Friday, June 26, 2009

Go ahead -- eat the flan!

Because I wish I were in Florida with my husband, enjoying delicious Spanish food, I hunted up a flan recipe that I just might try this weekend, if it's not too hot. This recipe comes from the How To Make Dessert site.


1 can sweetened condensed milk (14 oz)
1 can evaporated milk (12 fl oz)
14 oz. whole milk (measure in empty condensed milk can)
3 whole eggs
5 egg yolks
Pinch of salt
12 tsp regular granulated white sugar
Boiling water

1. Preheat oven to 400° F. Ready 8 (6oz) ramekins. We are going to pre-caramelize a layer of sugar into the bottom of each ramekin. Line ramekins evenly with 2 tsp sugar each. Arrange them evenly on a removable wire rack that can go into the oven, giving some space between each other. The wire rack is used for easy-in-easy-out of the oven. This will allow for the ramekins to get equal heat exposure all at once and maintain open airflow, unlike a baking sheet. (If you only have a baking sheet, you may use it instead, but it will take longer to caramelize.)

2. Boil water. Keep on low heat and ready to use.

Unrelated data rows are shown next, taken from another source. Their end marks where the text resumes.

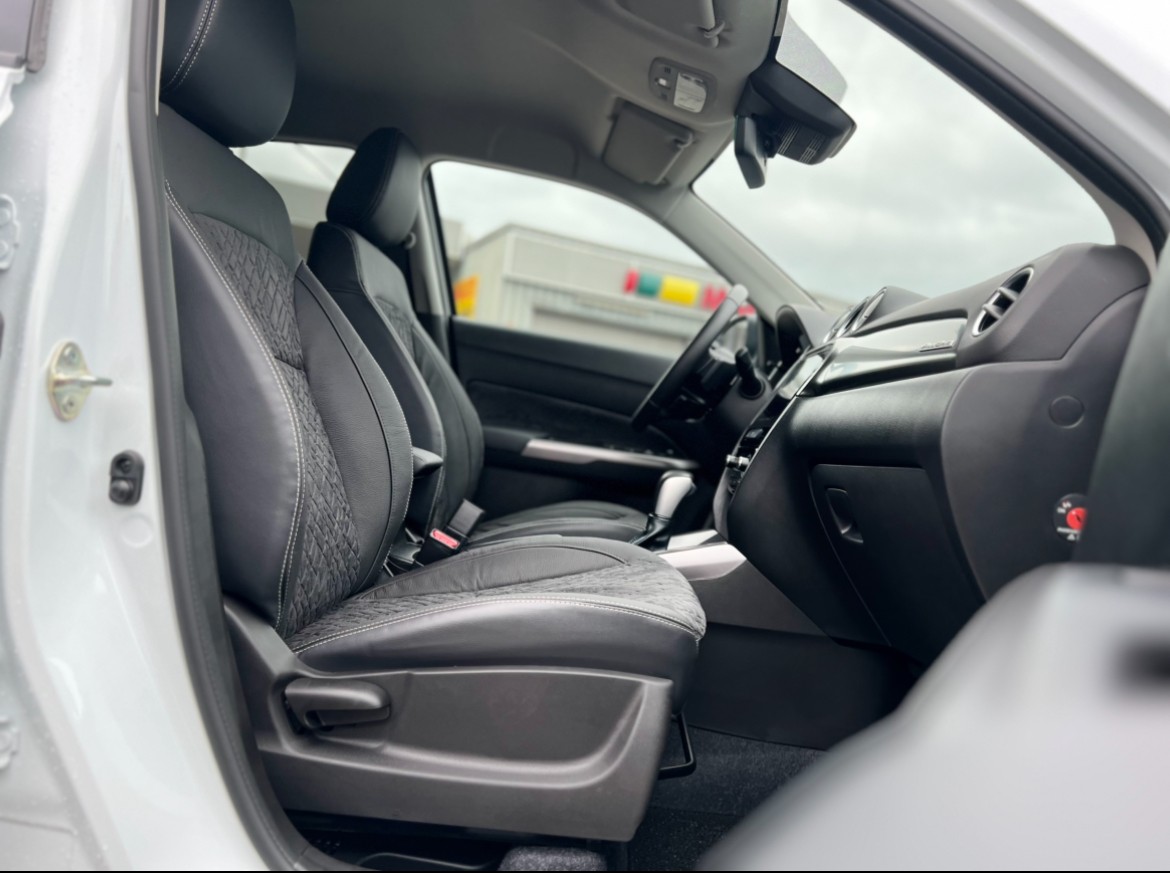 SUZUKI Vitara 1.4 Boosterjet Compact Top 4x4 Hybrid Automatic-image-13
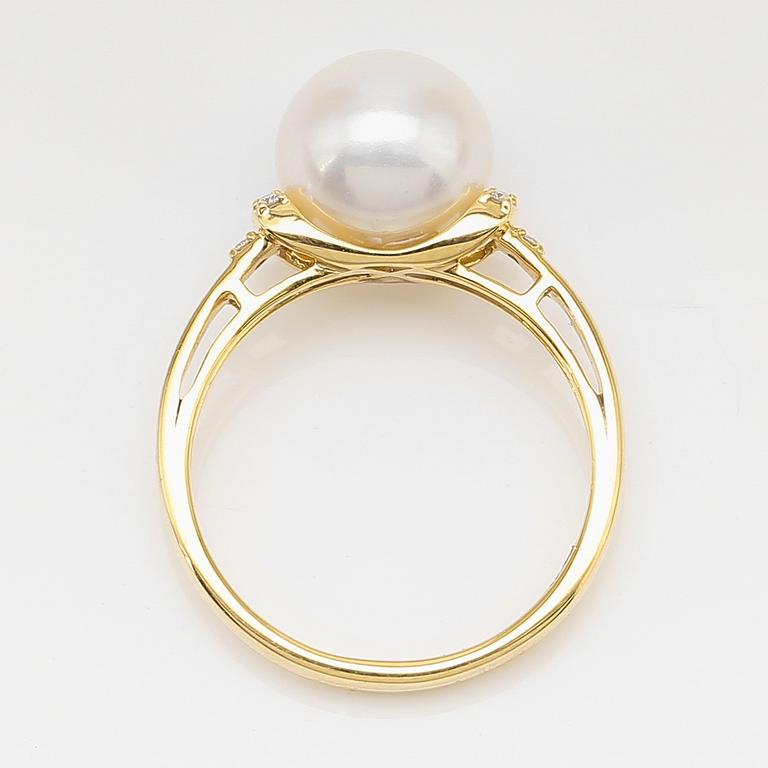 RING, 14K guld, diamanter och odlad pärla.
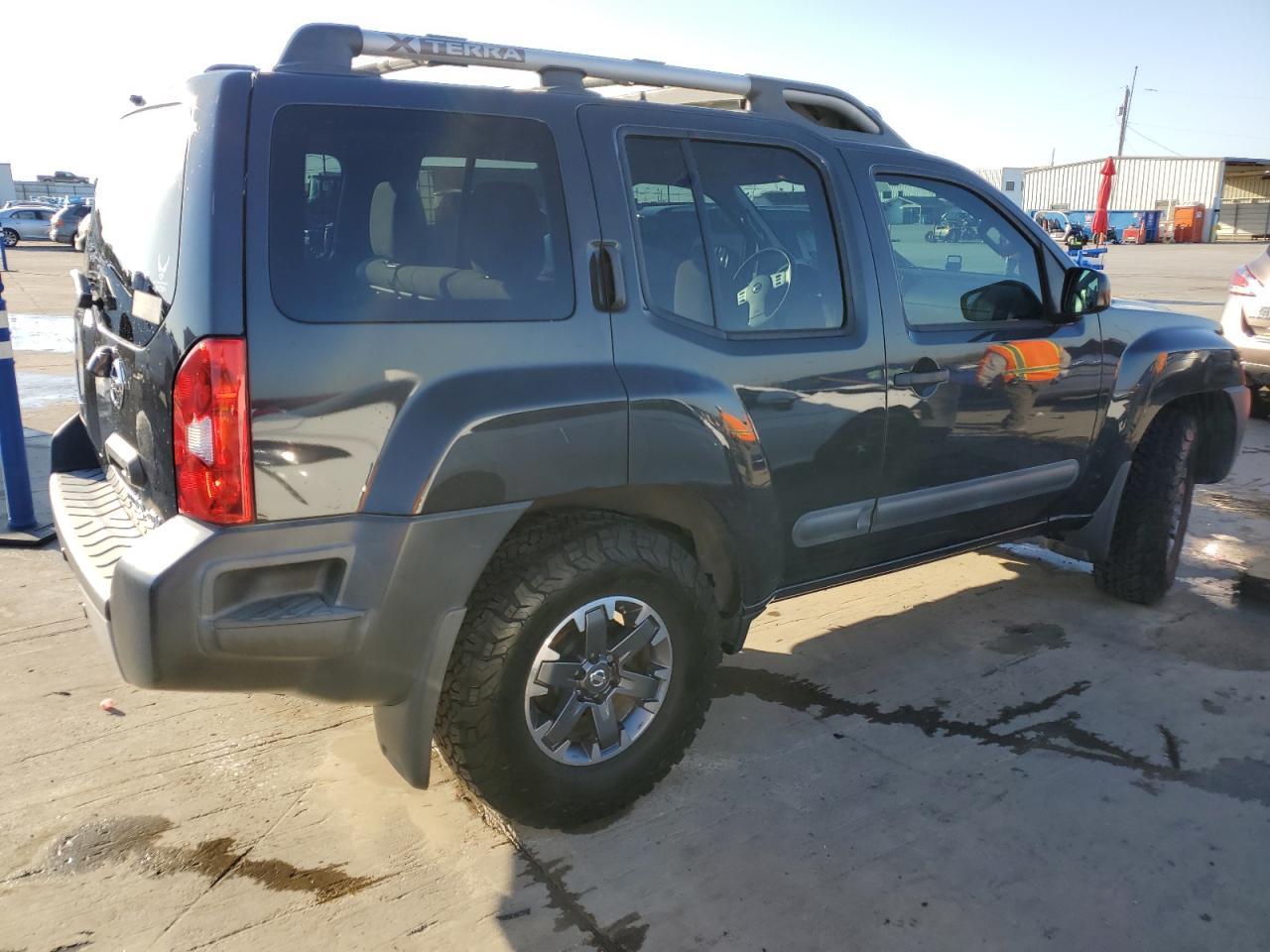 2015 NISSAN XTERRA X - Image 3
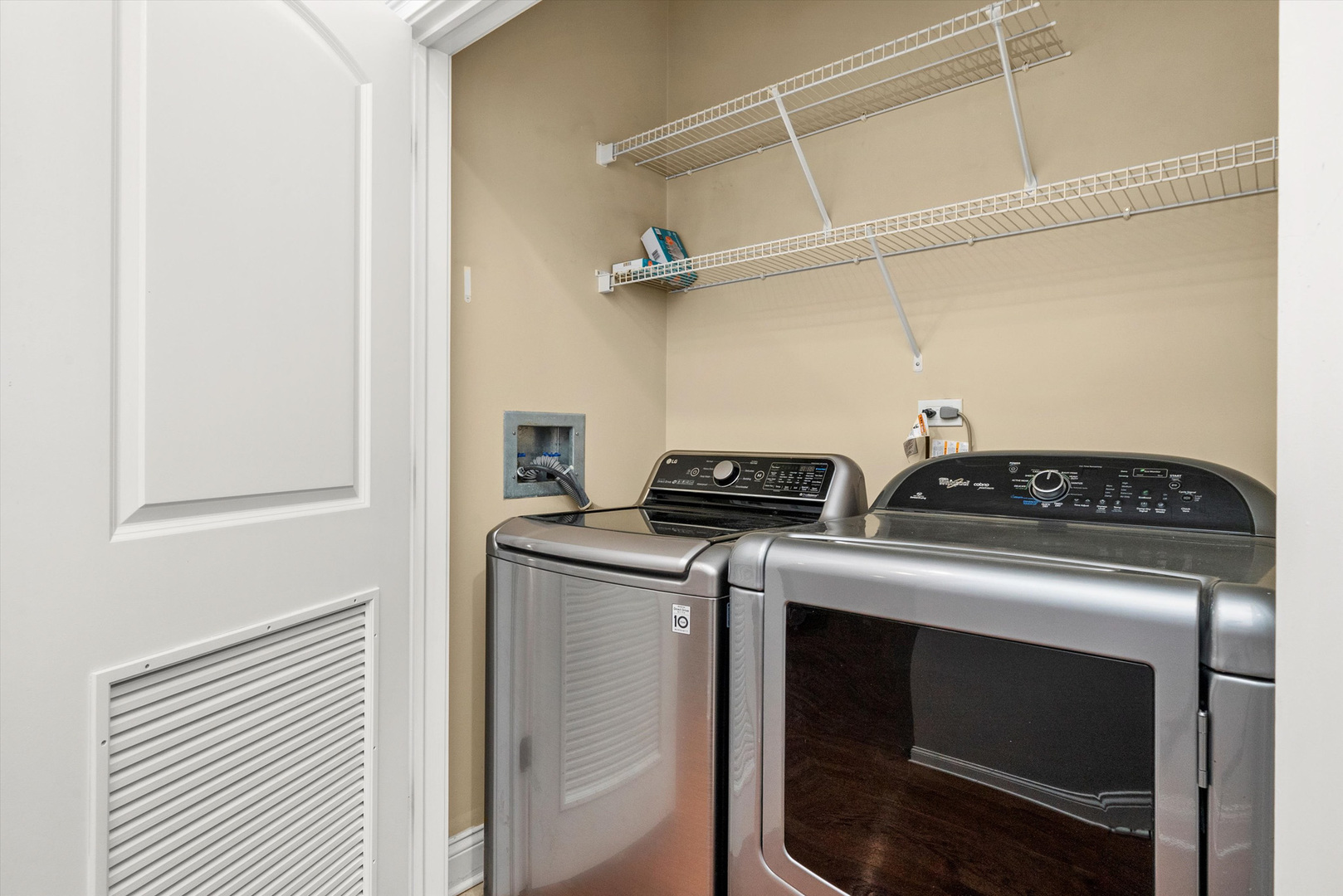 1116 W Hubbard Street Unit: 1E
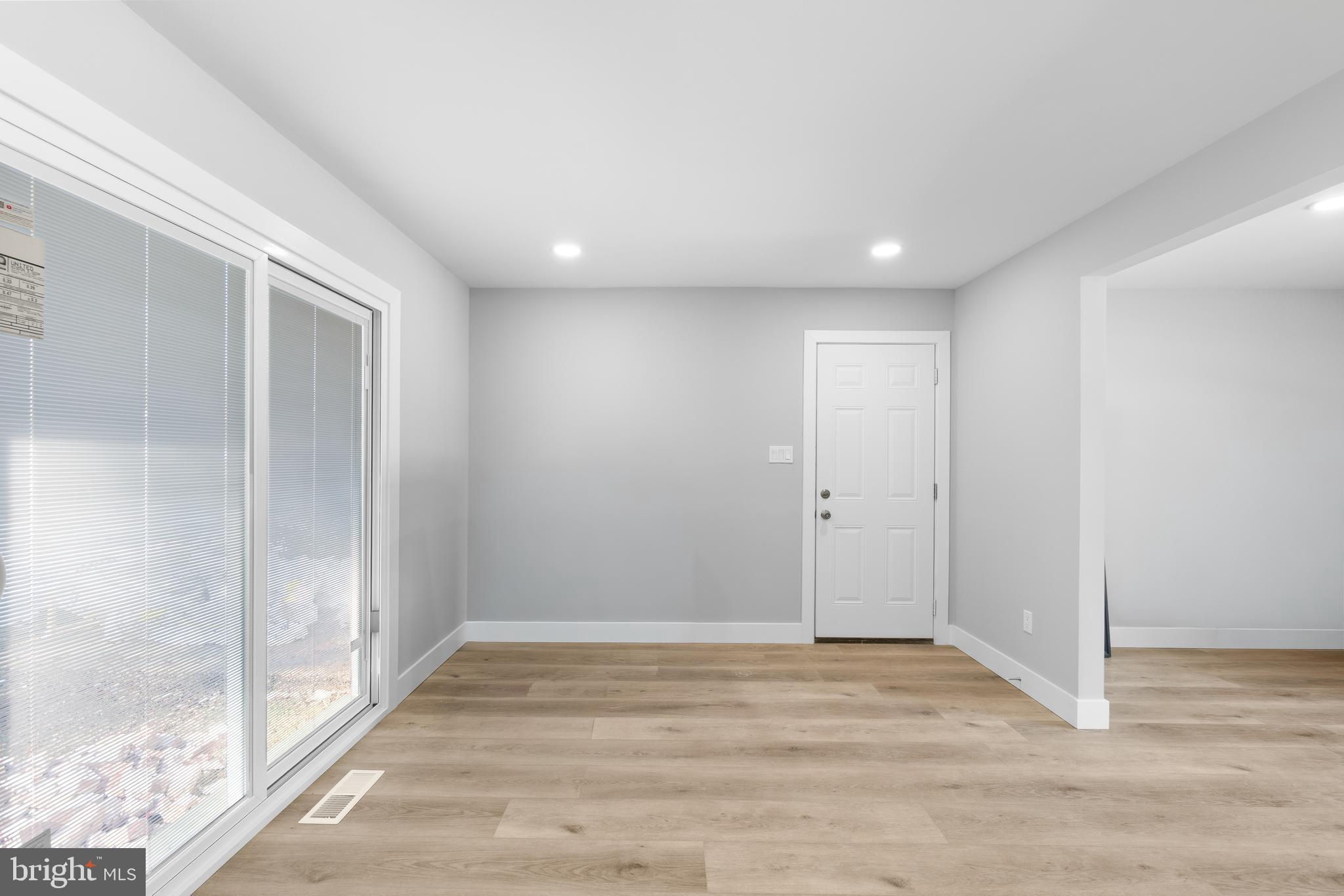 19104 Bloomfield Road Olney, MD 20832 - Photo 11 of 37 a view of an empty room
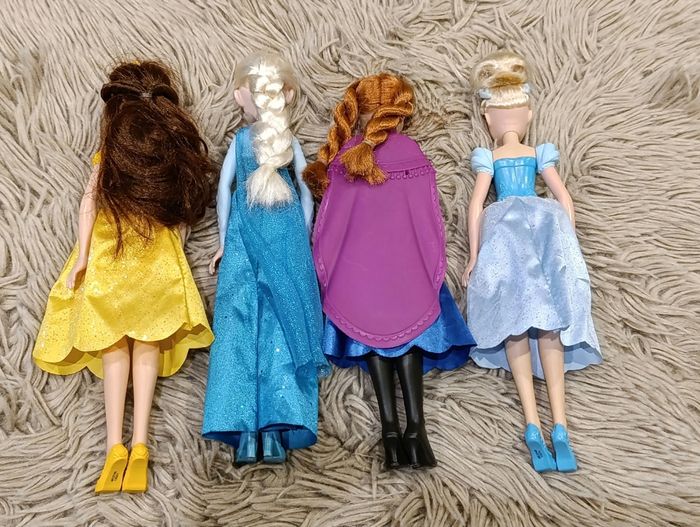 Lot poupées Disney - photo numéro 2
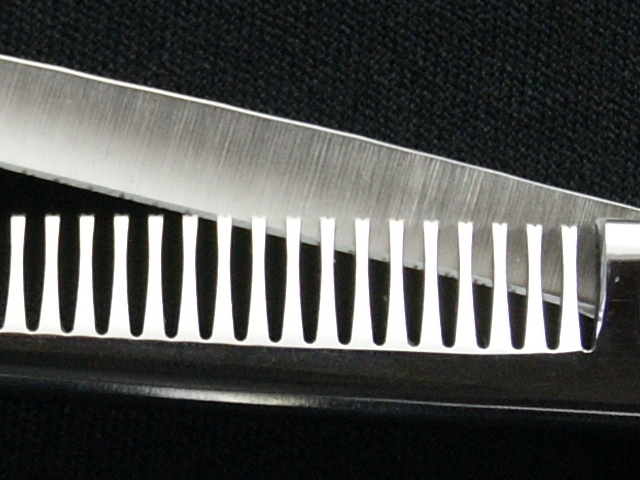 Vinus Scissors・F7-32T・32目・カット率25～30%・6.0インチ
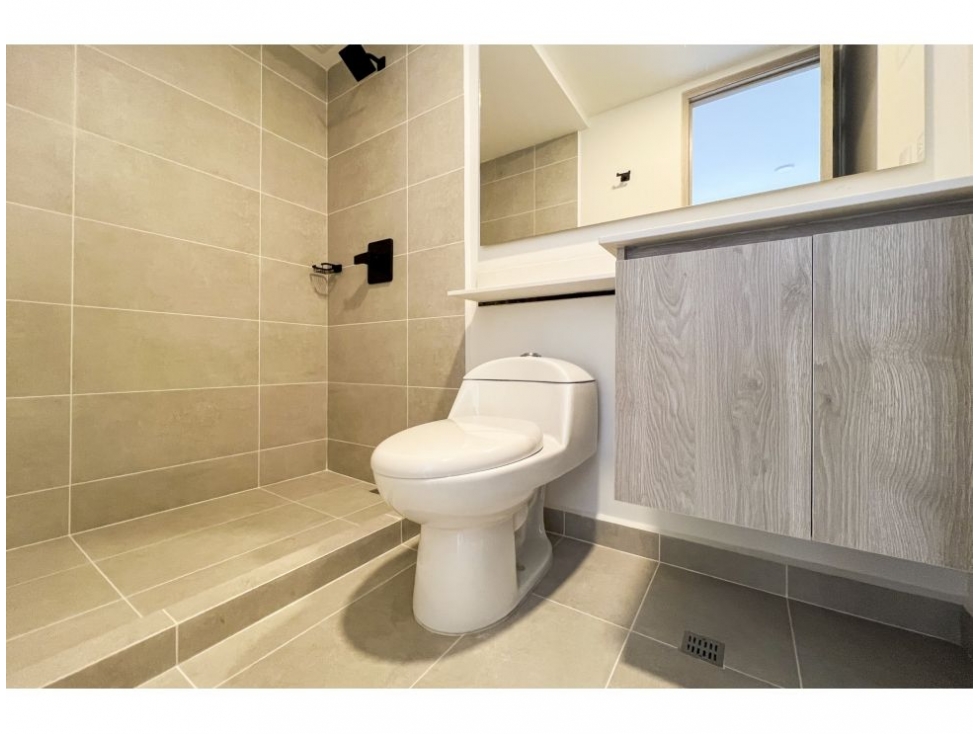 Apartamento en venta en El Poblado, Medellín · foto 21 de 21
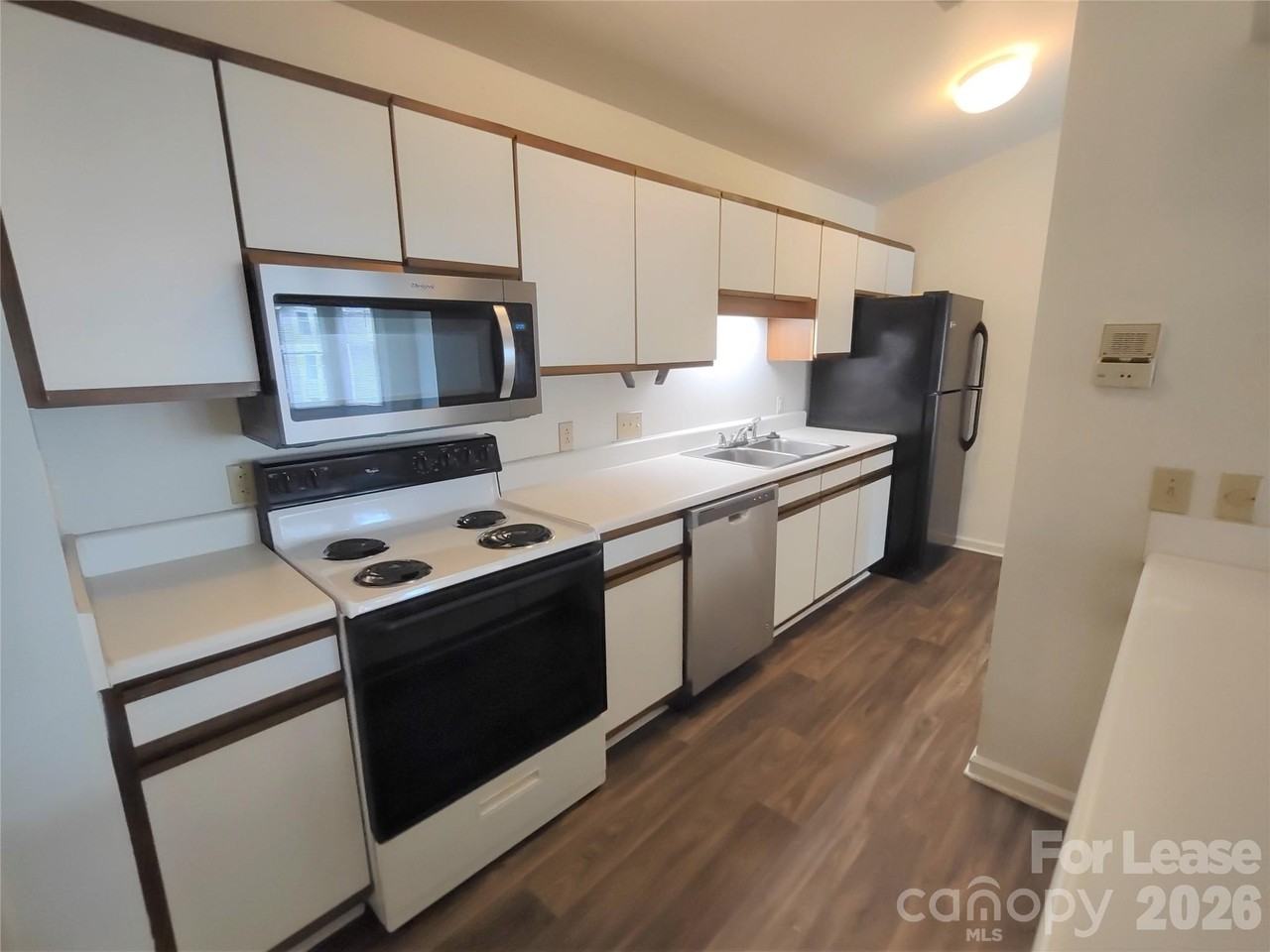 7366 Rose Terrace Ct - Photo 2 of 19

3. When oven temperature reaches 400° F, place the wire rack with sugar-lined ramekins centrally on the lowest oven rack. Keep a close eye on the sugar and do not go anywhere. (This process is better done with a see-through oven door with oven light turned on so you don't have heat escaping.) When you've got a nice golden brown color, which can occur quickly, remove the entire wire rack with ramekins from the oven. (If your oven has uneven heat distribution, you can remove just the ones which look ready and give the others more time, but again, keep a close eye). Once they turn a golden brown color, they can burn very soon afterward. Your new caramel glaze will start to harden and crackle as they cool. That's all right. Turn oven temperature down to 325° F.

4. Whisk the three kinds of milk and salt together. Whisk eggs and egg yolks in a separate bowl. Then combine the milk and egg mixtures and mix well. Strain the mixture through a sieve to eliminate clumps. Separate mixture into the individual ramekins over the caramelized sugar.

5. Place ramekins evenly into a baking pan leaving space around each one. Fill baking pan with boiling water halfway up the ramekins. Bake in this water bath on the lower middle oven rack for 40-45 minutes until set but still jiggly in the center.

6. Remove and cool for 30 minutes. Individually cover each ramekin with plastic wrap making sure it's air-tight. Chill for at least 4 hours, but better if you give it 8 hours.

7. When you're ready to serve, remove the plastic wrap and loosen the sides of the ramekins by running a paring knife around the edges. Invert and serve. (Inverting may be easier if you keep the paring knife inserted and slightly pulled to let some air in, but be careful not to puncture the surface in the process.) Enjoy!